Seat apportionment is complicated
To get an idea of how seat apportionment works in the Netherlands, let's take a look at a hypothetical election result in the fictitious Dutch city of Stuipendrecht. Let's say that their municipal council has 6 seats to allocate over 4 political parties. In total there were 938 votes cast, so the electoral quota (Dutch: kiesdeler) is 938/6 ≈ 156.333. By dividing the number of votes of each party by this quota, we can determine how many seats every party is supposed to get, which we round down to get the number of full seats:
Political party | Votes | Seats | Full seats |
---|---|---|---|
Altijd vd Partij | 490 | ~3.134 | 3 |
Lokaal Belang | 123 | ~0.787 | |
GSGR | 231 | ~1.478 | 1 |
Lijst Bommel | 94 | ~0.601 |
This is a good start, but now 2 seats remain unallocated. These seats are considered residual seats (restzetels), which are allocated using one of two algorithms depending on the total number of seats in the council:
- Smaller councils of less than 19 seats allocate residual seats according to the largest remainders
- Larger councils of 19 or more seats allocate residual seats according to the largest averages
Since the council of Stuipendrecht has 6 seats, we'll use the largest remainders to allocate the 2 remaining residual seats. This method comes down to looking at the remaining fractional part of the number of seats every party was supposed to get to decide who deserves the residual seats. In our case, Lokaal Belang and Lijst Bommel have the largest remainders (~0.787 and ~0.601 respectively). However, when using the largest remainder method, only parties which meet the electoral threshold (kiesdrempel) of 75% of a seat are eligible for a residual seat. Since the number of seats Lijst Bommel deserves does not meet this threshold, the last residual seat goes to GSGR (with a remainder of ~0.478) instead:
Political party | Votes | Seats | Full seats | Residual seats |
---|---|---|---|---|
Altijd vd Partij | 490 | ~3.134 | 3 | |
Lokaal Belang | 123 | ~0.787 | 1 | |
GSGR | 231 | ~1.478 | 1 | 1 |
Lijst Bommel | 94 | ~0.601 |
However, there is one more caveat: when a party has received an absolute majority of the votes, they should also receive a majority of the seats. So, the last residual seat actually needs to go to Altijd vd Partij instead of GSGR to satisfy the absolute majority requirement. This brings the final seat allocation to:
Political party | Votes | Final seats |
---|---|---|
Altijd vd Partij | 490 | 4 |
Lokaal Belang | 123 | 1 |
GSGR | 231 | 1 |
Lijst Bommel | 94 |
The full details of the seat apportionment algorithm used in the Netherlands is specified in the Election Law (Dutch: Kieswet). Implementing this legal text is not trivial, as various edge cases could lead to subtle ambiguities. Since people generally don't trust computers, especially for important systems on which our entire democracy relies, the manual process on paper always remains leading and Abacus is mainly used for verification. Still, it would be good to verify that Abacus does this computation correctly.

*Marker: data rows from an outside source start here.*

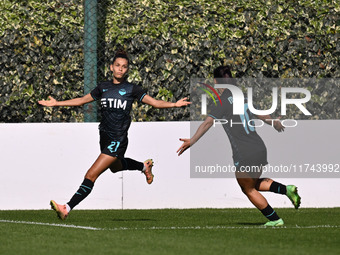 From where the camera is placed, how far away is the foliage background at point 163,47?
45.8ft

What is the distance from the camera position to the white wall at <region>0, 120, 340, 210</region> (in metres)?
13.2

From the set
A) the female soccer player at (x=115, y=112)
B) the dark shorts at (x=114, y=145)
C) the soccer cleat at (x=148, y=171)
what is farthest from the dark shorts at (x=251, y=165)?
the soccer cleat at (x=148, y=171)

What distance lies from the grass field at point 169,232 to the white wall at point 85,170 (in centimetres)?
37

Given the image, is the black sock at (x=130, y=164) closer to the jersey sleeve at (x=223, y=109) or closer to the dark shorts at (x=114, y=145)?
the dark shorts at (x=114, y=145)

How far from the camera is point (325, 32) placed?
14195 mm

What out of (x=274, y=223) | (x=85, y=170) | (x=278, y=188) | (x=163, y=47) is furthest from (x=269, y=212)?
(x=163, y=47)

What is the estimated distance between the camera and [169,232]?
952 centimetres

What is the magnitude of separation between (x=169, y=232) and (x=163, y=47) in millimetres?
5023

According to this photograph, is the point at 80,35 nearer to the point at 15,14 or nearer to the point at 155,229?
the point at 15,14

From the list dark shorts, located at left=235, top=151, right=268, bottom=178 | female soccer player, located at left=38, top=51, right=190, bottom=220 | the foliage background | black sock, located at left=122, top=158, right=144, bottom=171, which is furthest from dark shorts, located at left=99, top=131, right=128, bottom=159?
the foliage background

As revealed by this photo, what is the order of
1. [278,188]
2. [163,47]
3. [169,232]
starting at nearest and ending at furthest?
[169,232], [278,188], [163,47]

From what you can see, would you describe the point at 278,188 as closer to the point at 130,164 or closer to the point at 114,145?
the point at 114,145

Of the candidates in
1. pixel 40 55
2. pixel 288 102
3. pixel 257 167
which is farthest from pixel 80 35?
pixel 257 167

So, how do we verify that the seat allocation algorithm in Abacus is correct?
Unit testing
A first logical step for verifying any algorithm is to write unit tests. Naturally, Abacus already contains unit tests for the seat allocation algorithm. Here is one of their unit tests:
#[test]
fn test_seat_allocation_less_than_19_seats_without_residual_seats() {
let totals = get_election_summary(vec![480, 160, 160, 160, 80, 80, 80]);
let result = seat_allocation(15, &totals).unwrap();
assert_eq!(result.steps.len(), 0);
let total_seats = result.get_total_seats();
assert_eq!(total_seats, vec![6, 2, 2, 2, 1, 1, 1]);
}
This test verifies that a particular set of votes leads to a particular seat allocation. In this case, the apportionment doesn't need to allocate any residual seats. Various other test cases exist for apportionments that do use residual seats, situations that need absolute majority correction, and other edge cases, both for councils with less than 19 seats and for councils with 19 or more seats.

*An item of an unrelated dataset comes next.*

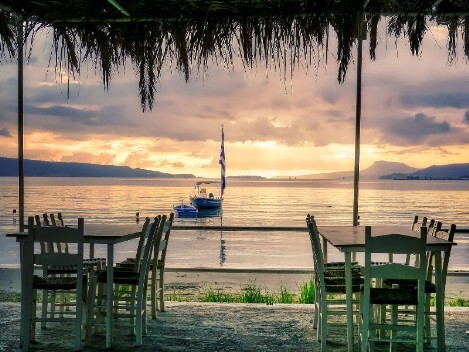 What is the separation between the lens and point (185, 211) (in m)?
45.7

These unit tests provide a good basis for ensuring the algorithm works correctly. Using code coverage analyzers we can even ensure that all branches of the algorithm are tested at least once. However, it doesn't necessarily guarantee that it works correctly for all possible inputs, as we only test a limited number of specific scenarios.
Model-based verification
Since there are many possible combinations of votes per party and council sizes it is completely infeasible to test all possible cases with unit tests alone. Instead of writing specific test cases, it would be ideal if we could somehow prove that the algorithm as a whole is correct.
As we don't have a reference implementation for the seat apportionment algorithm, our initial plan was to use model checking frameworks for Rust, like Kani or Creusot, to verify properties of the seat apportionment algorithm. However, Kani seemed to have trouble verifying complex properties, and Creusot seems to require lots of complex annotations, which would get in the way of Abacus' ongoing development.

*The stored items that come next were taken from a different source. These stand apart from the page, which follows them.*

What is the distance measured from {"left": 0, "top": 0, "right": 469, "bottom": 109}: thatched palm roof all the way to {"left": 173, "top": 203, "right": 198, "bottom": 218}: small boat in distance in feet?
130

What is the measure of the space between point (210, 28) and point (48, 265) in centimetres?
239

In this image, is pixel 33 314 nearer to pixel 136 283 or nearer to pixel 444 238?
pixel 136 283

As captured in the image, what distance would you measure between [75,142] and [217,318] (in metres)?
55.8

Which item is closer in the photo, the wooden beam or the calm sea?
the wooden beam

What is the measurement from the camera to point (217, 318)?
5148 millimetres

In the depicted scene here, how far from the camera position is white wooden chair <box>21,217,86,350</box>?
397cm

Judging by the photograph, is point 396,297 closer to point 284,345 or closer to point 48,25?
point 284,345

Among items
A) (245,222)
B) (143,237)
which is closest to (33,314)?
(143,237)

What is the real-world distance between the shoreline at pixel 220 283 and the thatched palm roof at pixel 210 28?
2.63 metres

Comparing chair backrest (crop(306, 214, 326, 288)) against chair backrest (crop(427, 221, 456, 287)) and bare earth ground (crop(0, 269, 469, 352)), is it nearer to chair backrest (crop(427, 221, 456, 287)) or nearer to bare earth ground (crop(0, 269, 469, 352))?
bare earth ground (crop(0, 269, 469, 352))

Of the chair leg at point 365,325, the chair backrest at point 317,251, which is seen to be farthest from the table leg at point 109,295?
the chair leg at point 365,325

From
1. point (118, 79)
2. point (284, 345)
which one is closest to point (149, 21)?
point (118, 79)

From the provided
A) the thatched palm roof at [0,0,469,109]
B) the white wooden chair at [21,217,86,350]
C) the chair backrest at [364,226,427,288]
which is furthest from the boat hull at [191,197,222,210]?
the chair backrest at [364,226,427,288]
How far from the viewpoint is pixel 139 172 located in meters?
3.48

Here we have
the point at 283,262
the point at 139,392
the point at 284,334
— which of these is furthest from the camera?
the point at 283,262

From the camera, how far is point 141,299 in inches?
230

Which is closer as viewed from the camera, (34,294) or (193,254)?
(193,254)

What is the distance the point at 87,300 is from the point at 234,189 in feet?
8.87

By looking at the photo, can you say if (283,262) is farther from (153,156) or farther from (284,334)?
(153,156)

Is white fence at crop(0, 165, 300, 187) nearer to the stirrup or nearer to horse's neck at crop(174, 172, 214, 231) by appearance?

Instead, we can use external model-based tools to verify the specific parts of Abacus that we are interested in. For example, the seat apportionment algorithm uses a custom fraction data structure to do the computations. We can model this fraction data structure and its associated functions in the verification framework Why3 to verify that the fractions work as expected.
For these fractions, we have an obvious reference to compare their behavior to, namely the Why3's model of real numbers. This allows us to verify that the implementations of operations like addition, multiplication, and equality correspond to the mathematical "gold standard".
For example, here is our Why3 model of how Abacus implements equality for their fractions:
predicate (===) (x: fraction) (y: fraction)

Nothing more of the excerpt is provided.